When she bit her lip and didn’t smile, it wasn’t nerves—it was a warning disguised as an invitation. The tip of her canine caught the plump flesh, just hard enough to redden it, and her eyes stayed steady on his, no crinkle at the corners, no softening of the gaze. It was a look he’d seen before, in the quiet moments before a storm, when the air hums with something that could tip either way.
He’d leaned in too close, his laugh warm against her ear as he told a joke that walked the line between playful and bold. The crowd around them faded—friends clinking glasses, a jukebox playing a familiar tune—but she didn’t step back. Instead, her lip disappeared between her teeth, and her fingers, which had been resting lightly on his arm, stilled.
It was the stillness that gave her away. Normally, she’d laugh, nudge his shoulder, turn the teasing back on him. But now, her silence stretched, and that bitten lip glistened, a beacon that said proceed with caution. He felt it—a prickle of awareness that this wasn’t an opening, but a boundary. She was letting him know she’d noticed the shift in his tone, the way his thumb had brushed her wrist, the hunger that lurked beneath the humor.
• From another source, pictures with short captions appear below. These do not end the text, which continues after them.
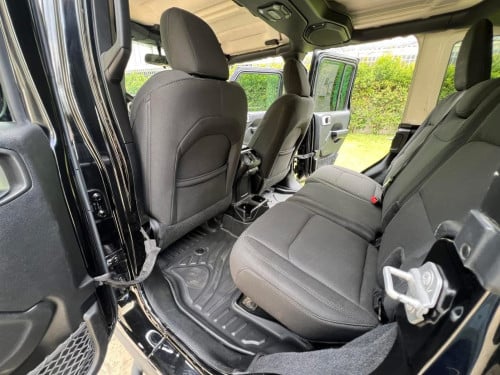 Jeep WRANGLER 2018 SportS 2018 ពណ៍ខ្មៅ ក្រដាស់ពន្ធ ឡានស្អាត់អត់បុកប៉ះ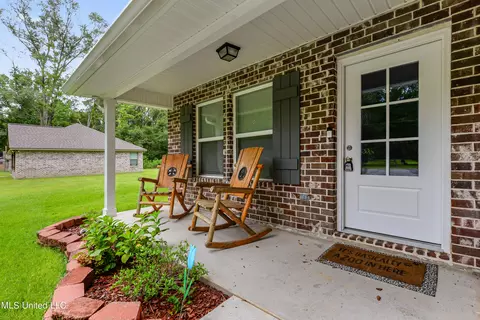 912 Central Ave, Picayune, MS 39466 photo 2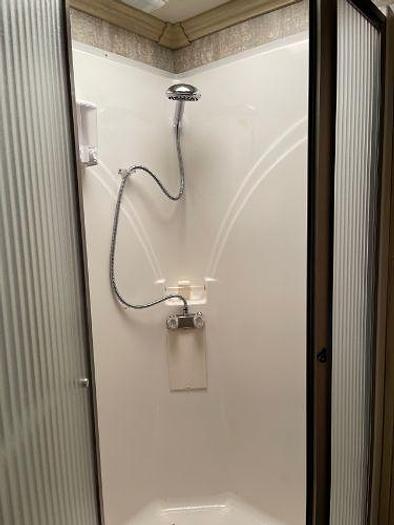 Used 2007 Coachmen Sportscoach Legend 40QS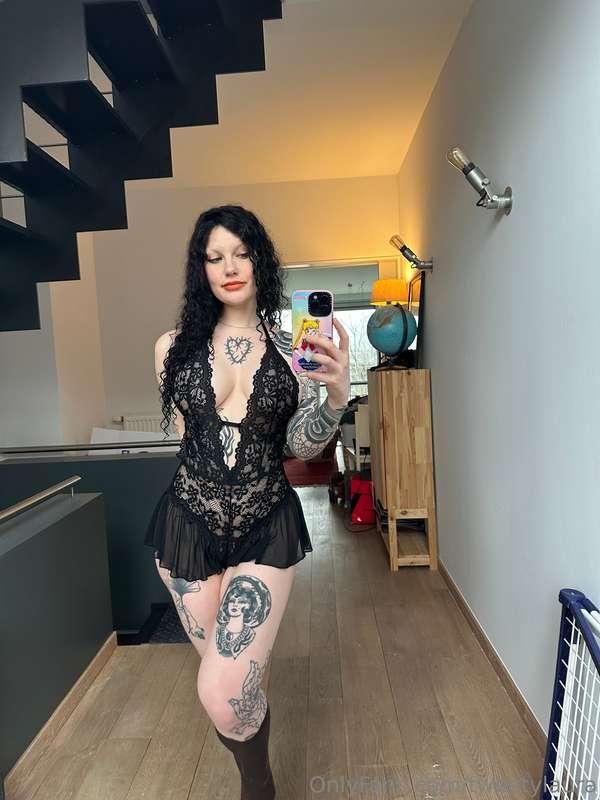 What’s your favorite set?🖤😇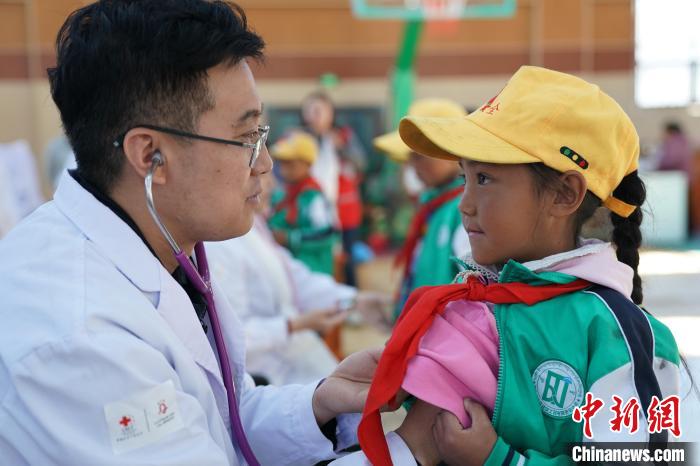 6月27日，西藏康馬縣南尼鄉(xiāng)中心小學(xué)的孩子參加先心病篩查。　蘇丹 攝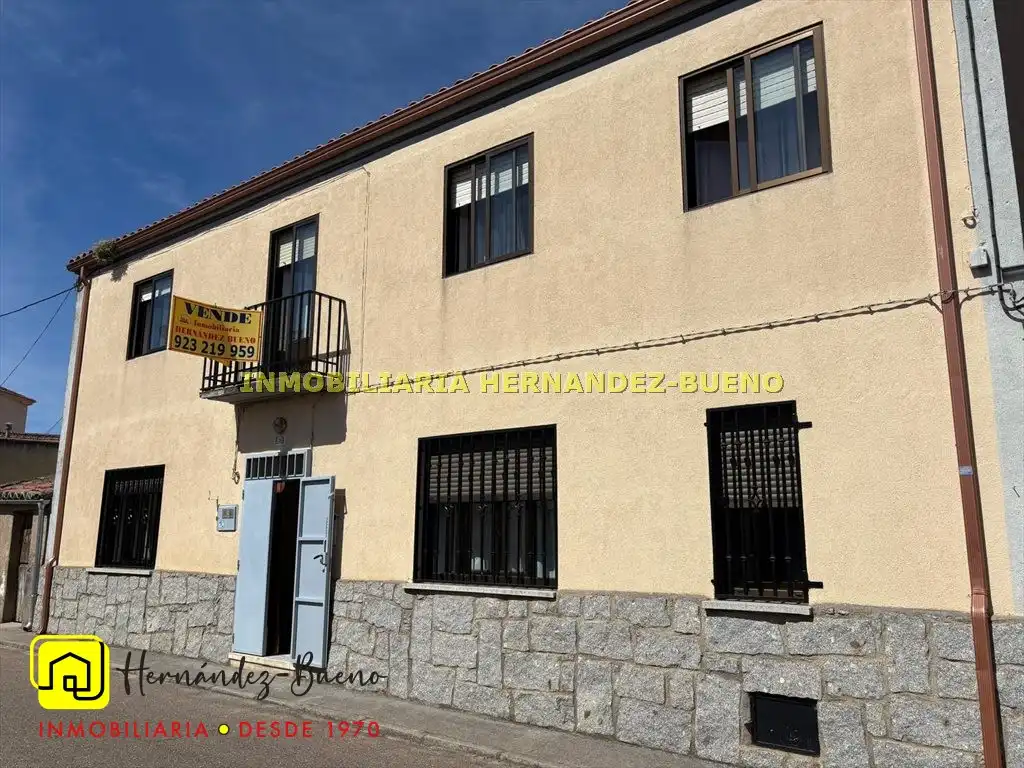 Exterior view of Houses for sale in La Fuente de San Esteban   with Heating and Terrace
He straightened, clearing his throat, and reached for his beer. “Sorry,” he said, though he wasn’t sure what he was apologizing for—crossing a line, or getting caught trying to.
Her lip slipped free, unmarked but for a faint redness. “Don’t be,” she said, and her voice was soft, almost tender. But her fingers still hadn’t moved from his arm, their weight a deliberate contrast to her words. It was the invitation part—the I’m not pushing you away, but you’ll have to earn the next step.
Later, when he found her alone on the porch, the screen door clicking shut behind him, she was smiling then, but it didn’t reach her eyes. “You get it, don’t you?” she said, her shoulder brushing his as she leaned against the railing.
He nodded. That bitten lip, that lack of a smile—they’d been a map, drawn in red. I want this, but not like this. Not without respect.
She bit her lip again, but this time, there was a flicker of a smile, quick as a heartbeat. “Good,” she said, and this time, when she stepped closer, it was her turn to lean in, slow and sure.